A recently published systematic review compared the performance of many of these prognostic models to each other and concluded that while some models may perform better for certain outcomes (recurrence-free survival, OS or cancer specific survival), there is no single best model. Utility and practicality in daily clinical practice may be based on what clinical and pathological data the individual clinicians have available to them.⁵ European kidney cancer guidelines from the European Society for Medical Oncology and European Association of Urology are consistent with these findings and, while recommending the use of prognostic models, do not specify which one is best used.

Figure. Validation data on PFS by AUA risk category. Figure used with permission of the Society of Urologic Oncology.⁷

In 2021, the AUA published updated guidelines on the evaluation, management and followup of patients with localized renal cancer.⁶ The guidelines recommend that clinicians stratify patients into one of 4 newly developed risk categories following surgery based on pathological stage, grade and margin status to help guide the surveillance schedule following partial and radical nephrectomy. These categories were meant to be both parsimonious and simple to use in daily clinical practice, while providing enough risk discrimination to be clinically relevant. The guidelines cite data listing approximate rates of disease recurrence by risk category.⁶ The table summarizes the findings.

These new risk categories were subsequently validated by Zganjar et al using data from Mayo Clinic’s prospective nephrectomy registry. The authors limited the analysis to clear cell and papillary histology. The new AUA risk stratification system performed well and demonstrated a robust c-index for progression-free survival (PFS; 0.775–0.780) and cancer specific survival (0.811–0.830) among patients with clear cell RCC and papillary RCC after surgery (see figure). Patients in the very high risk category had a 5-year PFS of 19%–40%.⁷ The authors also compared the performance of their institutional risk model (Leibovich score) to the AUA risk stratification system and observed that among patients with clear cell RCC, the 2018 Mayo model performed better (although additional variables are needed for the Leibovich score).

As the list of systemic therapy options for patients with RCC continues to grow and the multidisciplinary approach for managing these patients becomes increasingly individualized, accurate risk stratification is paramount for patient counseling, recommendations for adjuvant therapies and inclusion in clinical trials. Identifying those patients at highest risk of progression and death helps us decide the most appropriate candidate to consider for adjuvant therapy. Accurately defining which patients are at highest risk will help us design the next generation of clinical trials that maximize potential benefit to these patients while avoiding adverse events for patients who have low risk of recurrence.

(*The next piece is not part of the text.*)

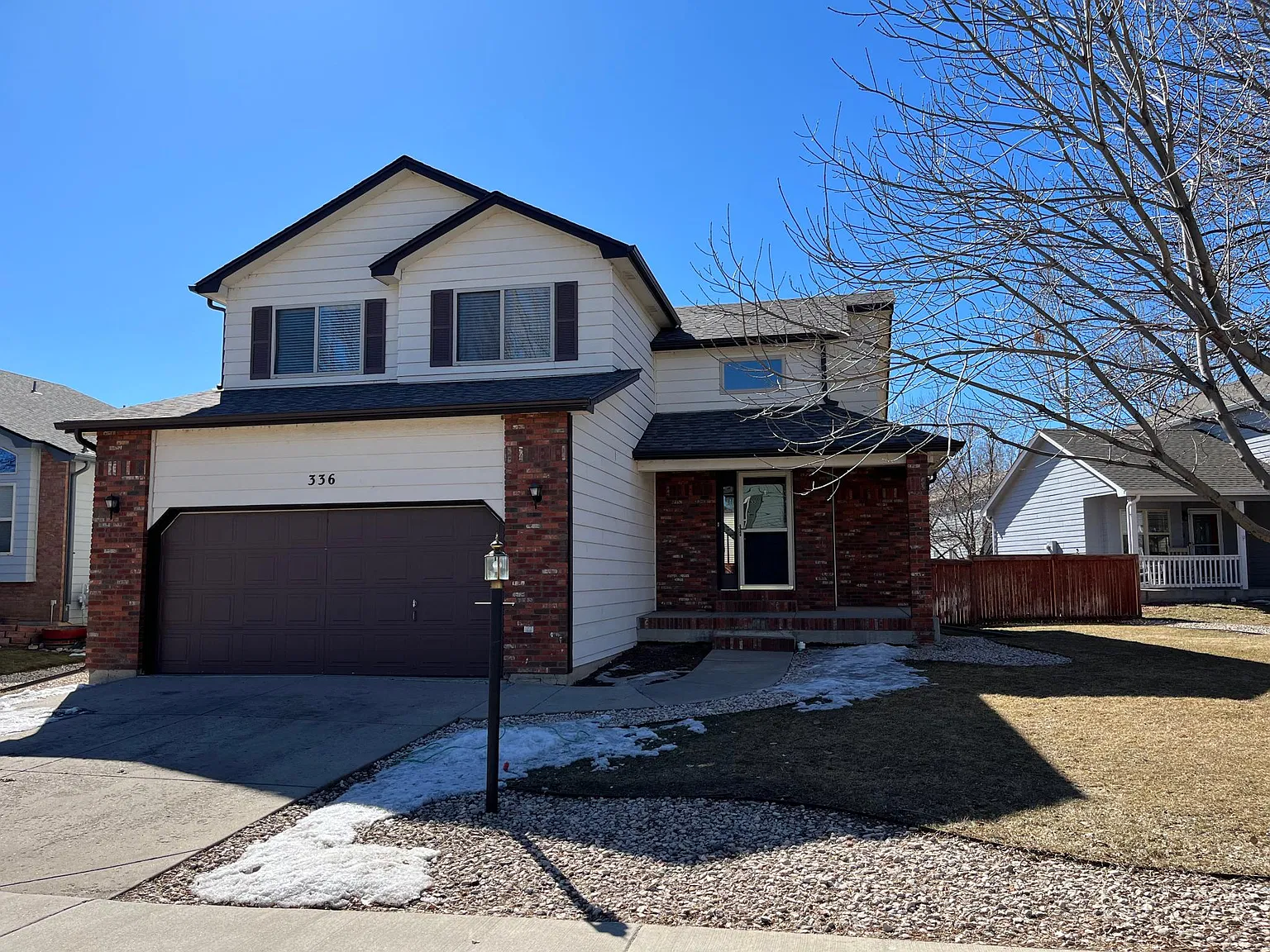 3 bed, 2.5 bath, 2393 sqft, $2,600 — Photo 1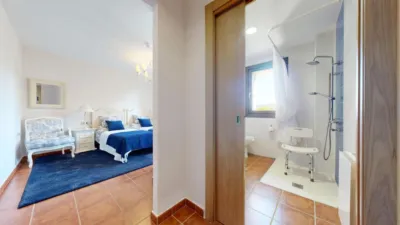 Chalet on Calle C. Real photo 31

There are common themes that unite most of these nomograms and push patients into the lowest risk categories such as low stage, low grade and negative margins, and into the highest risk categories such as high stage, sarcomatoid features, positive nodes and positive margins. While there are many risk stratification tools to predict outcomes for our patients with kidney cancer, using ones similar to the AUA risk groups that are both accurate and simple enough to use in a busy clinical practice is paramount.